Indigenous women especially affected by homelessness
Let’s talk about it
I am just back from three days in a life far removed from mine. I could not believe my eyes when I flew into Toronto, looking out onto a city that has over double the population of the province of Saskatchewan. And then after arriving, all I could think was, “Oh my goodness it’s so loud here!”
All I wanted was a nice quiet bench somewhere. I’m sure that exists in Toronto, somewhere, but it was nowhere near where I was.
The purpose of my trip was to attend the Pan-Canadian Voice for Women’s Housing Symposium. My days were spent in a room filled with 50 women. The first morning opened with a panel of four women with lived experience in the difficulties of accessing housing. I was one of the women on the panel. Although there were times when I was a little nervous, I knew this symposium was mine for the taking and that I could do with it whatever I chose.
I spoke from the place where I always speak best, the place deep in my soul that speaks nothing but truth. There I was, in a circle with 50 women, feeling nothing but respect and admiration. These were people who appreciated one another’s differences and were empathetic towards each other. I felt like I could have gone in my pyjamas and still received the same amount of respect.
I didn’t share anything amazingly brilliant or jaw dropping. These women knew how things work and I didn’t have to sugar-coat anything. Life is hard for women, particularly Indigenous women. We spent the day talking about homelessness and addiction, about the inequalities in public service systems. If there was ever a time where the adage about biting the hand that feeds you is true, it is when you are dependant on government funding and support, even when that hand isn’t supplying enough support to get even adequate nutrition. The needs of women are not being met. Some of the most common phrases I heard throughout day were “Women aren’t homeless enough!”
This is because women who stay in shelters or “couch-surf” aren’t counted as homeless. People wondered aloud how many more women must die, referring to the thousands of missing and murdered Indigenous women. One more death cannot be tolerated.
The first day was productive. I felt that if we women were the powers that be, we could change the system within a very short time frame. Long-term everlasting change takes time, but it can be done. However, these women are not the powers that be. As I began to make my way around the room, meeting more and more unbelievably strong women, many of whom have been at the table a very long time, the hopelessness began to set in. If no one has been listening to these women, where does that leave us?

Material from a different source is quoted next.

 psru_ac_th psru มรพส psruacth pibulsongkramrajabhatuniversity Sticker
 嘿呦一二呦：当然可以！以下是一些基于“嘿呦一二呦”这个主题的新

I left the conference that day feeling a little confused but empowered. For the first time in years I was surrounded by women who truly understood what it feels like to be a racialized woman! I felt validated because I didn’t have to explain to anyone how the systems were unfair. They all knew. When you take away the pressure of having to explain or prove yourself, it leaves room for action and change. With my head swimming with new information, I decided to put it all aside and just enjoy myself for the evening. Tomorrow would be another day. The powers that be would still be there tomorrow.
Then came tomorrow. I hadn’t done any writing. I woke up seized with anxiety, a common side effect when I have unwritten thoughts swirling in my head. Today would be the day when someone who could make some change would hear us. What would I do with this moment?
Coffee in hand, I wrote. When I am in charge of my writing, when I’m not forcing the thoughts and I just let them come, the words flow like Niagara Falls (which I did not get a chance to see!). I have termed this experience “written thoughts.”
That morning, in front of those same 50 women and a handful more from the office of the Status of Women, as well as the president of the CMHC, I shared my thoughts, my lived experience in poetic form. These were my most vulnerable thoughts, ones I have learned serve no purpose lost in my head.
I shared my thoughts raw and unclean, but you can’t argue with my thoughts. When I tell you how I feel, you can’t tell me that I can’t feel a certain way. My feelings are mine to own. When I was done, I had tears in my eyes. I was scared and shaking. I don’t know if what I said made a bit of difference, but it did to me, and no one can take that away from me.
I am a small town girl from Saskatchewan, born and raised. I work hard for very little return. You may call me a woman with “lived experience.” To me, I’m just a girl doing whatever she needs to survive.